PROVIDED ENTRIES
....

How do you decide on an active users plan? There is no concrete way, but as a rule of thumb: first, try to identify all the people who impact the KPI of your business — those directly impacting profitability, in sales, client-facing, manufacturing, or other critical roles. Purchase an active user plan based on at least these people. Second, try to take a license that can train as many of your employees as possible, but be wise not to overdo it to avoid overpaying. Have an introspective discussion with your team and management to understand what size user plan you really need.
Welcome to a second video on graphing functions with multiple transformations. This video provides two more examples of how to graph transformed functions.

....

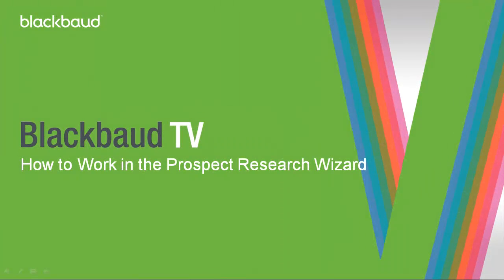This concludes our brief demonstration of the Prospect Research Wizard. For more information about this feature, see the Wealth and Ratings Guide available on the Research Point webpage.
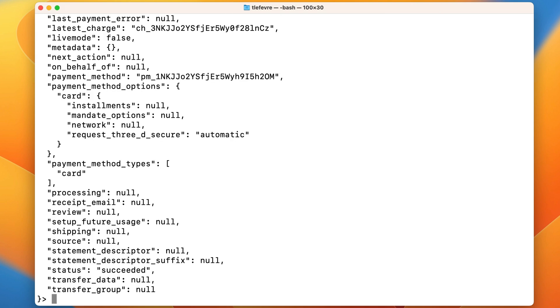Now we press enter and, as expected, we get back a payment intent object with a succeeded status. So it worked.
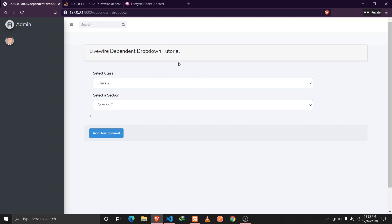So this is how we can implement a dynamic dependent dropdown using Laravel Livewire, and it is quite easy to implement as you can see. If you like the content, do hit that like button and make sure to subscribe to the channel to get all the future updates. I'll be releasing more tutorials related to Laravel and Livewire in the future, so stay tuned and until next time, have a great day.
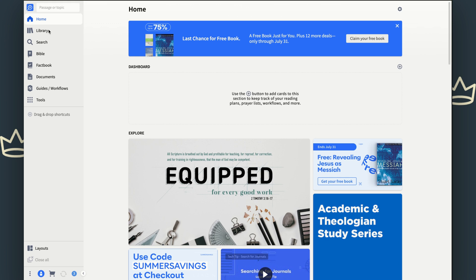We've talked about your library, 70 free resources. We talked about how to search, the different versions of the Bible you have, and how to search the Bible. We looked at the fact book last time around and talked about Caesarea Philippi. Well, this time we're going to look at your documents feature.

....

TASK OBJECTIVE
Please give back exactly the lines of the listing above that run from the one containing "How do you decide" through the one containing "Welcome to a", and only those.

ANSWER TO THE PROBLEM
How do you decide on an active users plan? There is no concrete way, but as a rule of thumb: first, try to identify all the people who impact the KPI of your business — those directly impacting profitability, in sales, client-facing, manufacturing, or other critical roles. Purchase an active user plan based on at least these people. Second, try to take a license that can train as many of your employees as possible, but be wise not to overdo it to avoid overpaying. Have an introspective discussion with your team and management to understand what size user plan you really need.
Welcome to a second video on graphing functions with multiple transformations. This video provides two more examples of how to graph transformed functions.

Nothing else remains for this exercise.